Sunday, April 01, 2007

How Do You Define Tyranny?

Two of the three Republican front-runners were asked a simple question - do you think the president should have the authority to arrest U.S. citizens with no review?

By any rational standard, this should be a simple one to answer, right up there with "Do you support the US Constitution?" and "What's your position on mom and apple pie?" The answer to this one is a clear and easy, "Hell, no - that's not the way our country is set up, and, as long as I can draw a breath, I'm not going to see us slide into an abyss of totalitarianism!" Other acceptable answers would be, "Are you out of your freaking mind?" or "Do I look like Stalin?".

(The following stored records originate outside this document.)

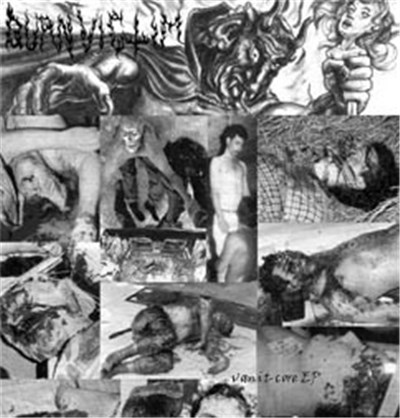 Burn Victim - Vomit-core EP download mp3 flac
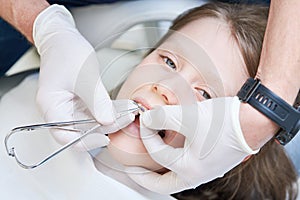 Braces for child teeth correction. Installation and maintenace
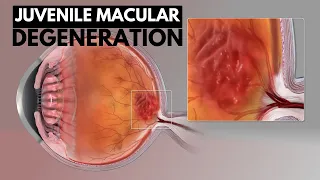 Juvenile Macular Degeneration: Causes, Symptoms and Treatment.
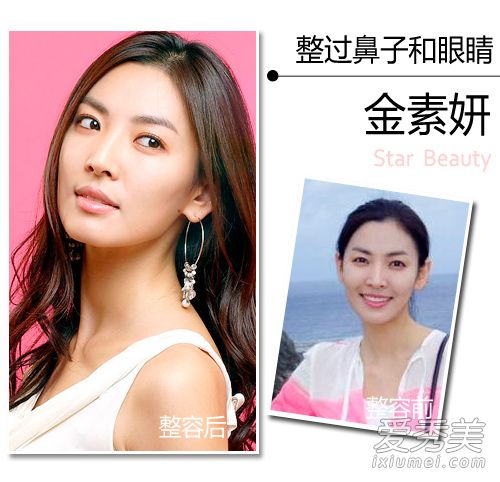 美女的誕生靠整容？韓國女星整容位置大揭秘 明星整容前後照片對比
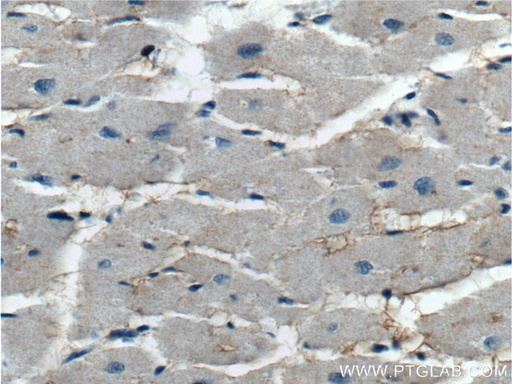 [13867-1-AP-150UL] KCNE1L Polyclonal antibody
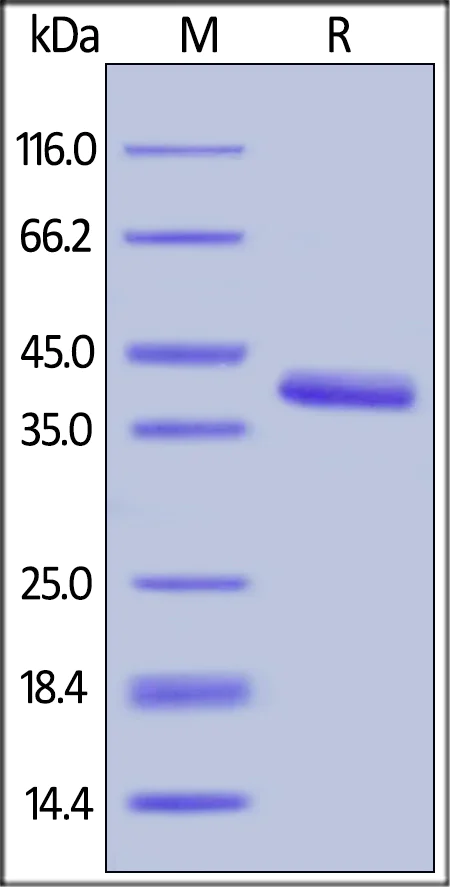 SDS-PAGE - Recombinant human IGF1 protein (Active) (AB155614)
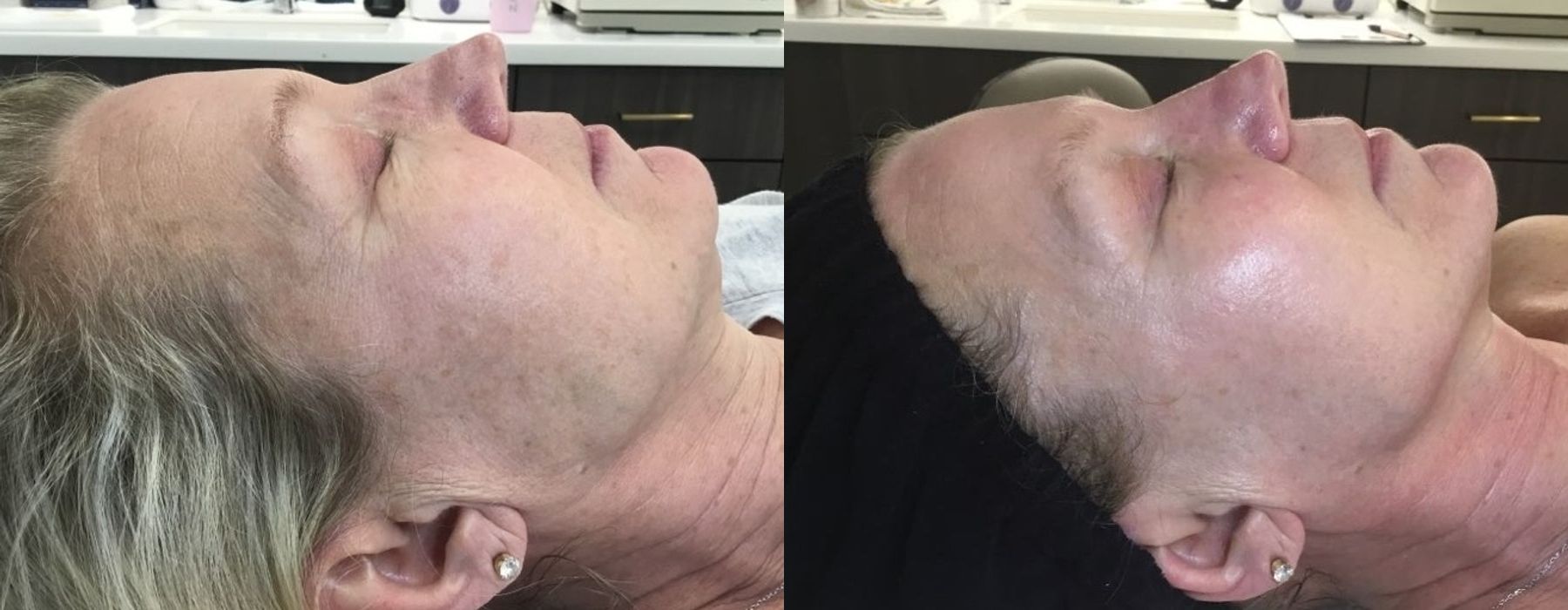 Before photo - Angle 2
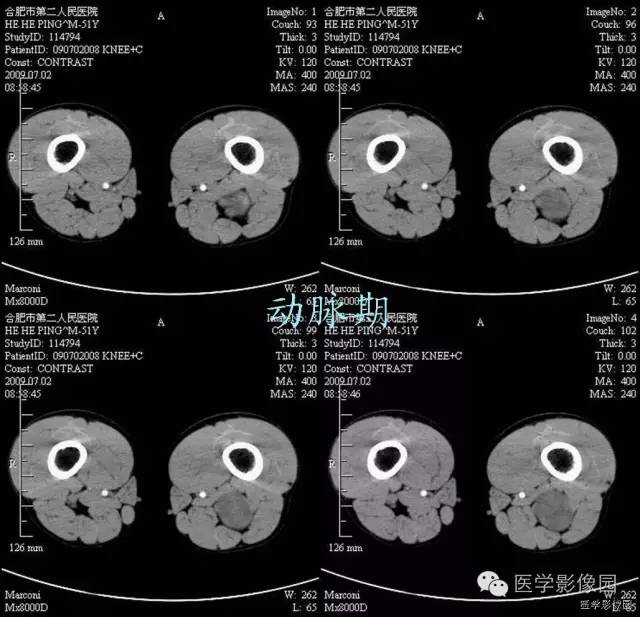【病例】腘窝上方神经鞘瘤1例CT影像表现 【病例】腘窝上方神经鞘瘤1例CT影像表现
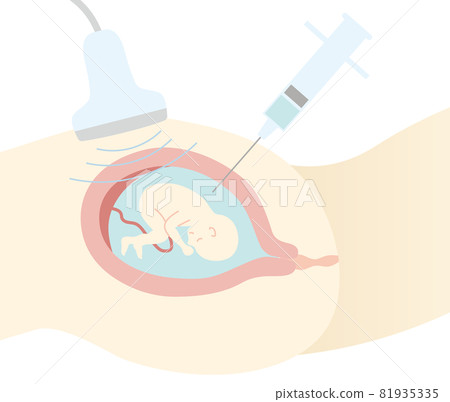 Prenatal diagnosis, amniocentesis, flat taste 81935335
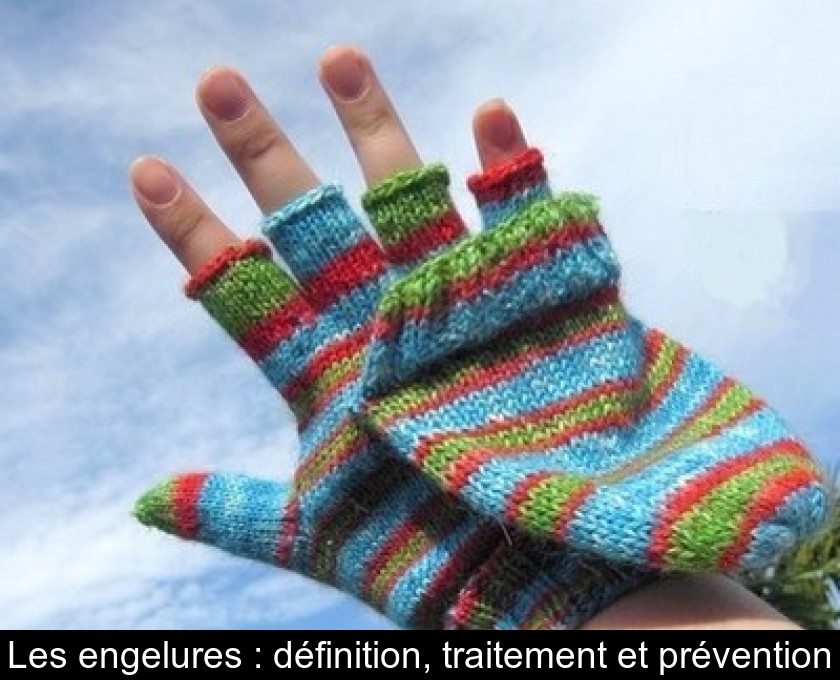 Les engelures : définition, traitement et prévention Les engelures : définition, traitement et prévention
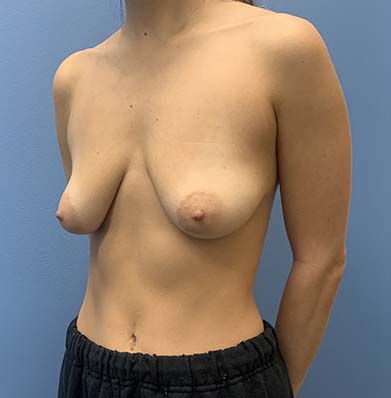 Breast Lift before and after - before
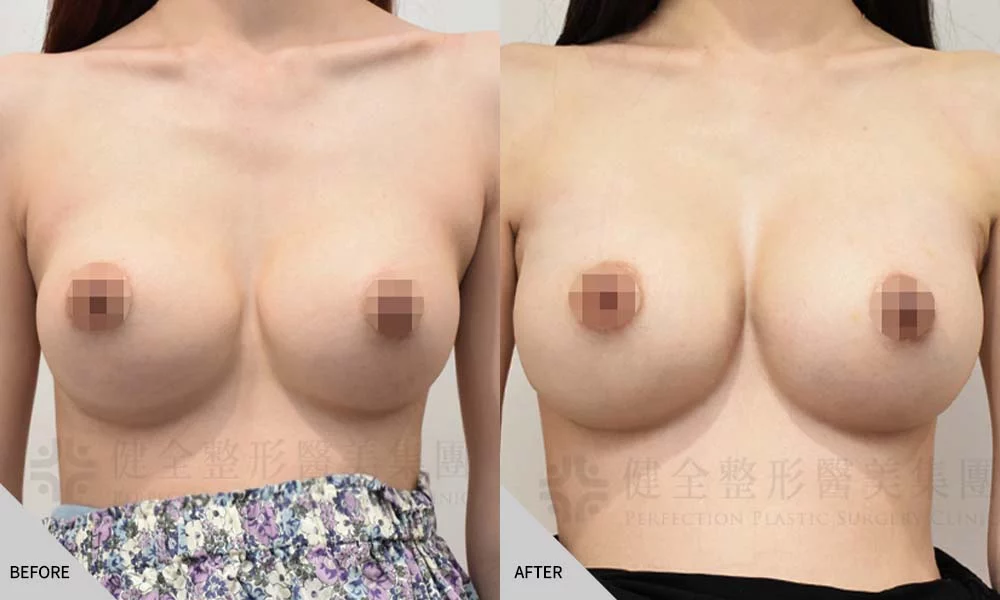 二次隆乳 01
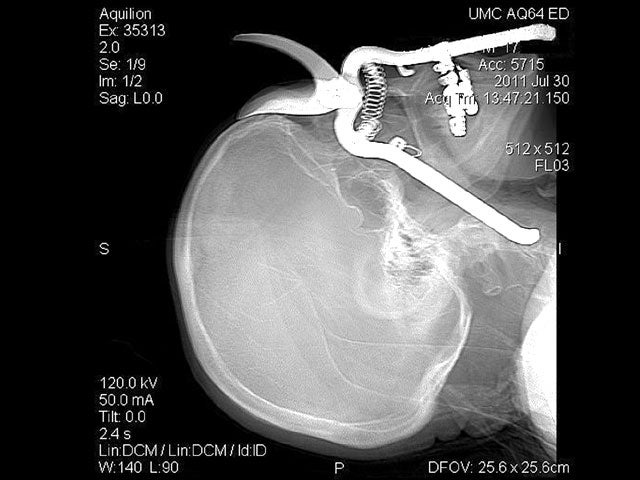 impalement, x-ray, pruning 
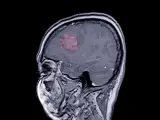 Resonancia magnética y meningioma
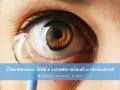 Occhio con cheratocono e lente a contatto applicata. Soluzioni per la visione con cheratocono.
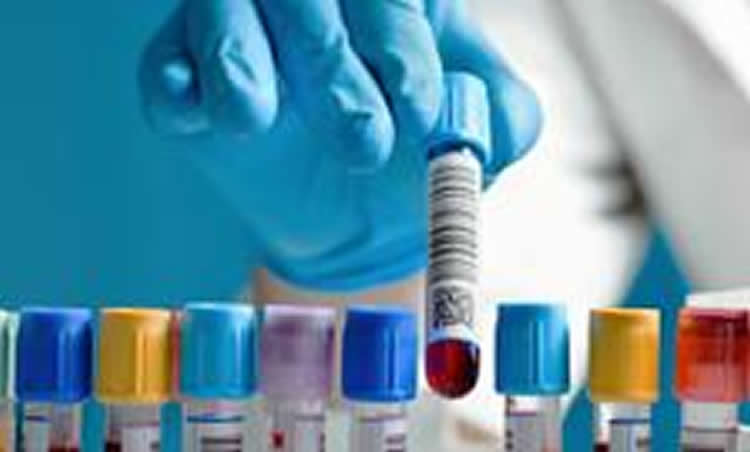 Image shows a blood samples.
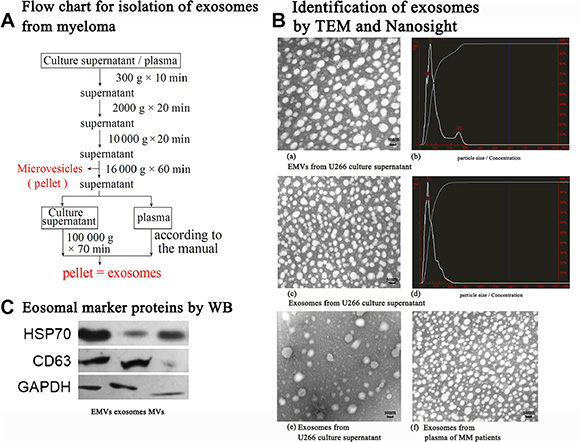 Isolation and validaton of exosomes from both U266 cell line and MM patients.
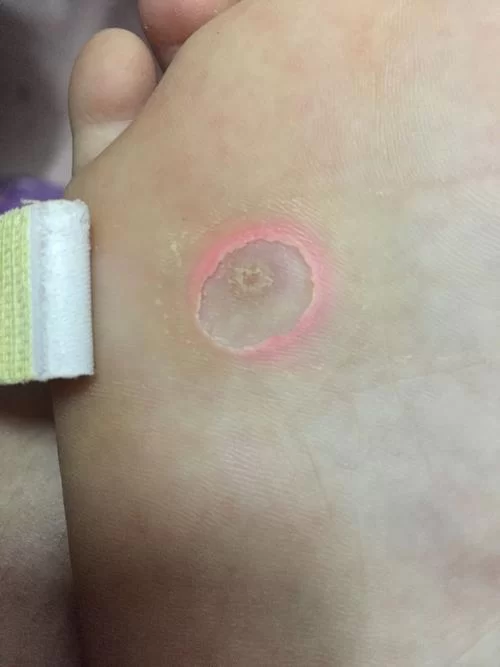 脚上出现小小的鸡眼疼不疼？简单方法快速缓解！
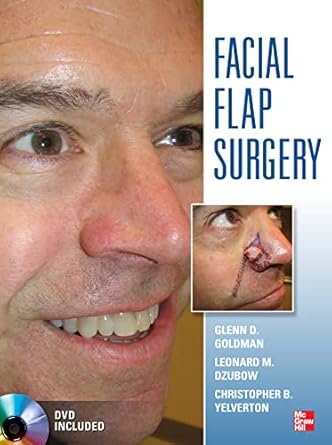 Facial Flaps Surgery 1st Edition
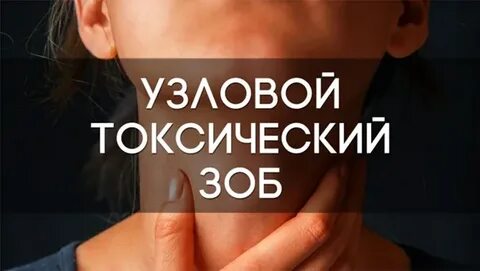 Многоузловой зоб у женщин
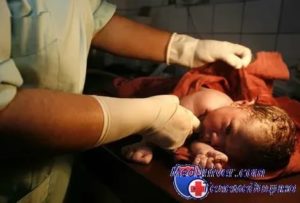 28 неделя кесарево гестоз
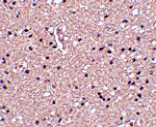 Immunohistochemistry - op18 Antibody from Signalway Antibody (24538) - Antibodies.com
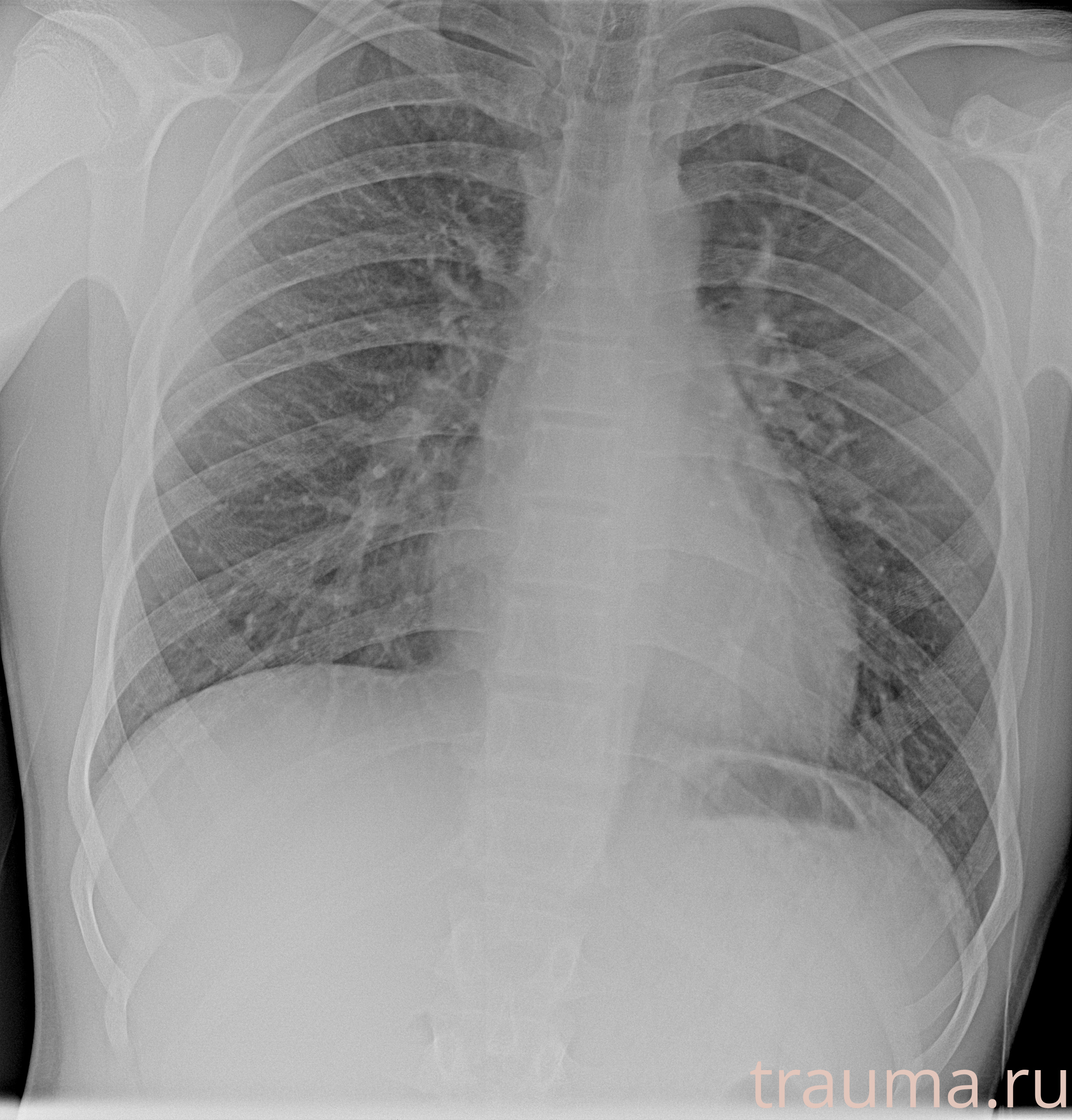 Рентген на дому: по вашему адресу приезжает врач-рентгенолог, травматолог-ортопед с мобильным рентгеновским аппаратом, проводит диагностику травмы или заболевания, делает необходимые рентгенограммы, дает рекомендации по дальнейшему лечению. Получить качественные снимки в домашних условиях возможно благодаря уникальной методике, разработанной МосРентген Центром для института  Склифосовского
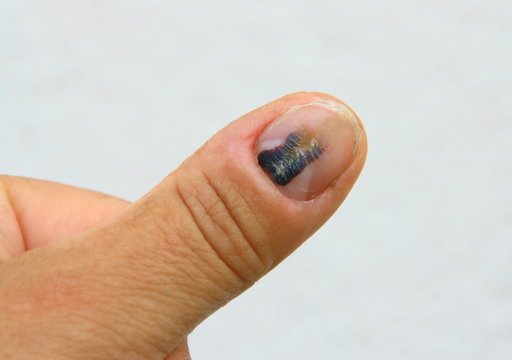 h&eacute;mat&ocirc;me sur l'ongle du pouce de la main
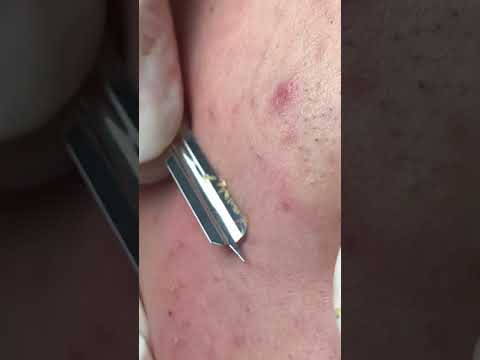 Face Blackheads Removal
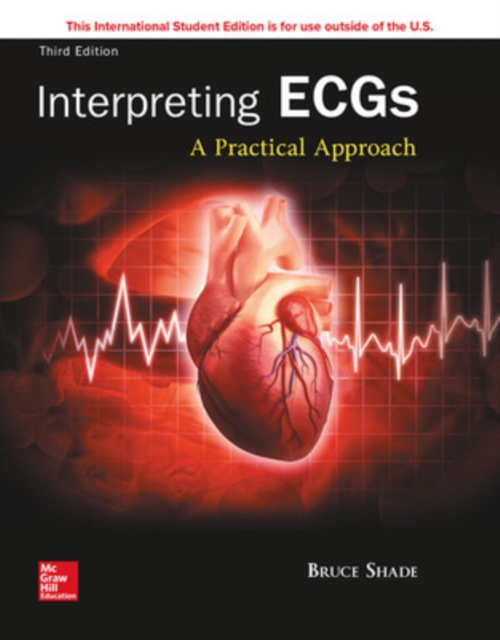 Fast and Easy ECGs ISE, EPUB eBook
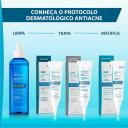 Gel de Limpeza Antiacne Keracnyl para Peles Oleosas a Acneicas 60g
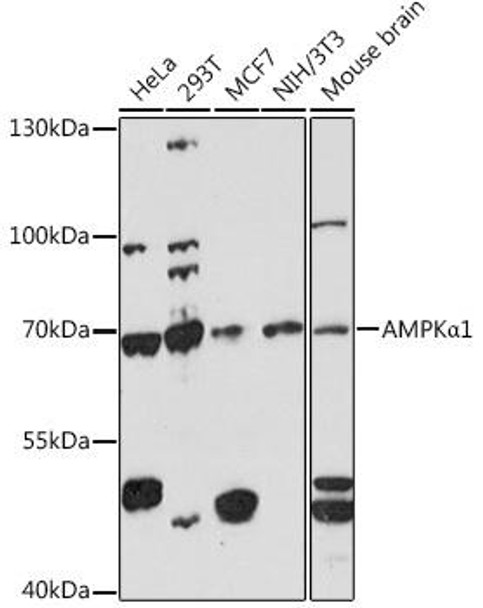 Anti-AMPKAlpha1 Antibody (CAB16960)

But that's not the answer we're getting from the Republicans. Rudy Guiliani "said that he would want to use this authority infrequently." Infrequently?? Presumably, that means he would only use it when political enemies really, really deserved it.

Mitt Romney's answer was less clearly a rejection of our country's core principles. His merely showed the utter lack of a moral compass - "Romney said he would want to hear the pros and cons from smart lawyers before he made up his mind." Isn't that comforting - the fate of our democracy would be decided by a couple guys in suits, playing a verbal game of rock, paper, scissors?

There was a day when Republicans really did stand for something. Men like Jack Danforth, Bob Dole and Gerald Ford knew that the US Government was not to be trusted, and that power entrusted to it will inevitably be abused. Even with the fresh news of how the Bush administration has abused the Patriot Act to play politics with the US Attorney's office and to spy on Americans through the FBI, Giuliani and Romney think we ought to go ahead and trust them with the power to throw anyone in jail, without review.

Folks, you can't be any more wrong than that.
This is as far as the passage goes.